という事情でして、C++やJavaと対比しながらC#を説明すれば手っ取り早くC#を覚えて頂けるかな、などと思うわけです。しかしながら私自身C++は最近書いてないし、Javaに至っては10年以上前に少し触ったことがあるだけ、という状態。とりあえずJavaとの比較は諦めます。C++についても全くもって正確な記事が書ける自信がないことをお断りするとともに、間違ってたらぜひツッコミよろしくおねがいします><
(あ、あと C++11 は分からないので、C++11 以前の C++ を前提に書いています。SさんもC++11に詳しいわけでは無さそうですし…)
class と struct
C++ では class と sturct に本質的な違いがなく、単にメンバがデフォルトで public か private かの違いしかありません。しかし C# では class と struct は全く違うものです。
class Hoge { ... }; Hoge hoge; // スタックに積まれる Hoge* ptr = new Hoge(); // ヒープに生成される Hoge hoge2 = hoge; // 値がコピーされる(コピーコンストラクタ/コピー演算子) Hoge* ptr2 = ptr; // ポインタのコピー
class Hoge { ... } struct Piyo { ... } Hoge hoge = new Hoge(); // class はヒープに生成される Piyo piyo = new Piyo(); // struct はスタックに積まれる Hoge hoge2 = hoge; // 参照のコピー Piyo piyo2 = piyo; // 値のコピー
C++とC#で同じキーワードを微妙に違う意味で使っているので混乱を誘いますね(^^;
C# では new と書いてあっても struct ならスタックに積まれます。
const と readonly
優れたC++プログラマは丁寧に const を付けますね。C#にも const キーワードは存在しますが、C++とは少し意味が違います。また、一部は readonly というキーワードに置き換えられています。
class Hoge { const int A = 123; // 整数などの数値は定数を定義できます const string B = "Hello"; // 文字列も定数に出来ます readonly string C; // コンストラクタで初期化されたらそれ以降は読み取り専用となります public Hoge( string c ) { this.C = c; } }
- C++ の const は「読み取り専用」を意味しますが、C# の const は「定数」です。システム全体を通して変化しない値です。
- クラスのメンバ(フィールド)を読み取り専用にしたい時は、const の代わりに readonly を使います。
- C++ では関数の引数やメンバ関数に const 属性を付けられますが、C# ではそういったことは出来ません。
クラスのフィールドは可能な限り readonly にする習慣をつけると良いと思います。
継承について
struct は継承できません。
class は継承できますが、多重継承は出来ません。その代わりに(?)インターフェイスは複数実装できます。このへんは Java と同じです。ですのでダイヤモンド継承とかバーチャル継承みたいな闇(…おっと誰か来たようだ)は存在しません。
コレクション(コンテナ)
C++のSTLで提供されているコンテナに(無理矢理)C#の(というより.NET Frameworkの)コレクションを対応付けてみました。
C++ | C# |
---|---|
配列 | T[] |
vector<T> | List<T> |
list<T> | LinkedList<T> |
set<T> | HashSet<T> |
map<T,U> | Dictionary<T,U> |
- これらは System.Collections.Generic 名前空間に定義されています。

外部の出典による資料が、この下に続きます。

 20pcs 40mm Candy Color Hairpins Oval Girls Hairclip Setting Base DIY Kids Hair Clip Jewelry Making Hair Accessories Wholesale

- System.Collections 直下にあるクラスは黒歴史なので使わないで下さい。
- C# の List と C++ の std::list を混同しないように注意して下さい。
- C++ の set/map は二分木によるものですが、C# の HashSet や Dictionary はハッシュテーブルによるものですので、正確にはこれらは異なるものです。そういう意味では対応づけるべきではないのかもしれませんが、用途としては似ている場面が多いと思いますので上のような表にしました。
- 正直なところ、C++STLの方が自由度が高く高機能かと思います。
IEnumerable インターフェイス
これはとても大事なインターフェイスで、いずれ覚えて欲しい LINQ という機能にも関連してきます。

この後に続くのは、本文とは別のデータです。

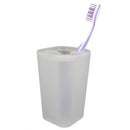 2 of 2:Home Basics Soporte para cepillos de dientes de plástico recubierto de goma esmerilado 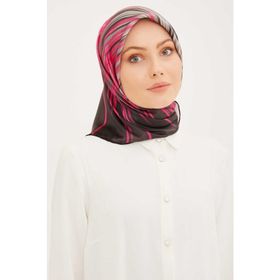 Armine 8956-56 Füme Fuşya Batik Çizgi Desenli Sura İpek Eşarp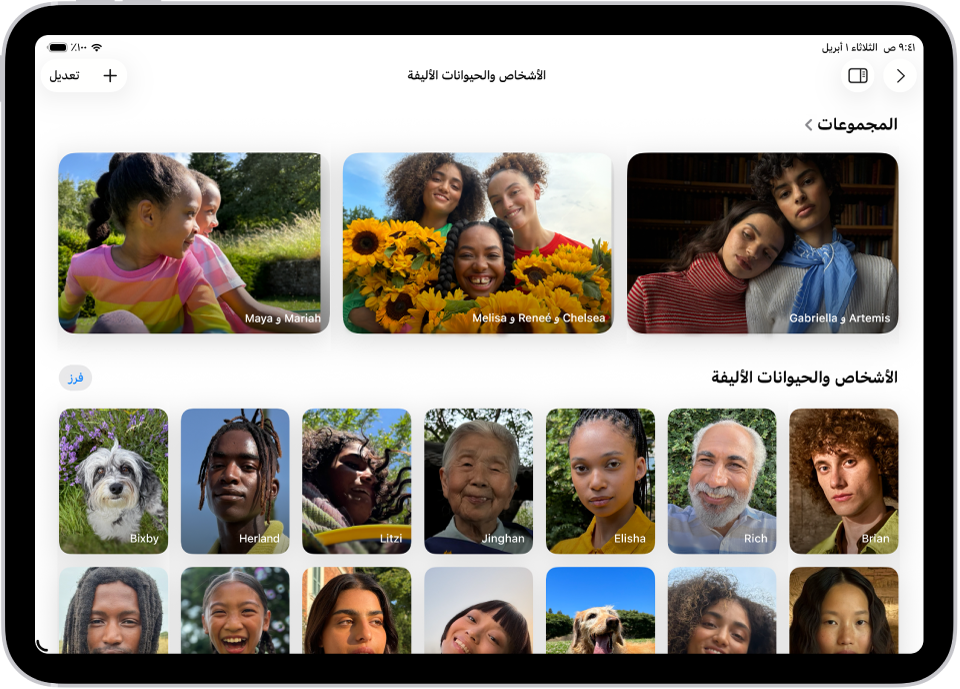 شاشة الأشخاص والحيوانات الأليفة في تطبيق الصور. هناك صف من المجموعات في الجزء العلوي من الشاشة، مع أشخاص فرديين وحيوانات أليفة في الأسفل.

C++のSTLコンテナでは、コンテナ要素にアクセスするための統一的な方法として iterator を提供しています。C#では(.NETでは)この IEnumerable インターフェイスがコレクション要素にアクセスするための統一的な機能として用意されています。
C++ | C# |
---|---|
iterator で列挙 | IEnumerable で列挙 |
全てのコンテナは begin(), end() を提供 | 全てのコレクションは IEnumerable<T> を実装 |
ContainerType c;
for (ContainerType::iterator it = c.begin(); it != c.end(); ++it) {
...
}
CollectionType c; foreach (var item in c) { ... }
IDisposable インターフェイス
C++ ではスコープを抜けるときに必ず変数のデストラクタが呼ばれます。ですので、これを利用してデストラクタでリソースの解放処理を行うことがよくあります。例えばファイル操作などでは、スコープを抜けるときにデストラクタで確実にストリームを close() するといったパターンです。

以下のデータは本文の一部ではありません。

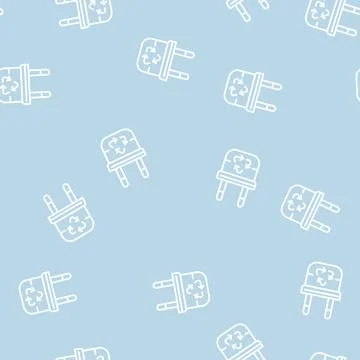Recycling electrical plug line seamless pattern Stock Illustration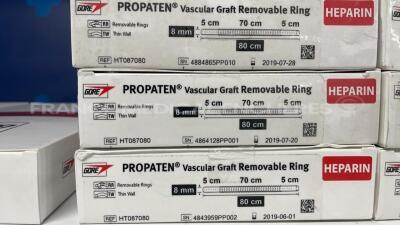 Lot of 9 Gore Propaten Vascular Graft Removable Rings Heparin - 3x 8mm x 80cm / 3x 8mm x 50cm / 1x 6mm x 80 cm / 1x 6mm x 50cm / 1x 10mm x 30cm - 5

{ std::ifstream fin("test.txt"); ... } // スコープを抜けるときに close される
しかし C# ではクラスのインスタンスはすべてヒープに確保されますし、メモリ等の解放処理はガベージコレクタが自動で行いますのでデストラクタのタイミングを制御することが出来ません。ですのでC++のようにデストラクタによってスコープ離脱時の解放処理を行うことはC#では出来ません。
その代わりとして、C#には using キーワードと IDisposable インターフェイスが用意されています。
using ( var reader = new System.IO.StreamReader( "test.txt" ) ) { ... } // スコープを抜けるときに Dispose() が呼ばれる
using の中に IDisposable インターフェイスを実装したオブジェクトを宣言すると、そのスコープを抜けるときに確実に Dispose() メソッドが呼び出されるようになります。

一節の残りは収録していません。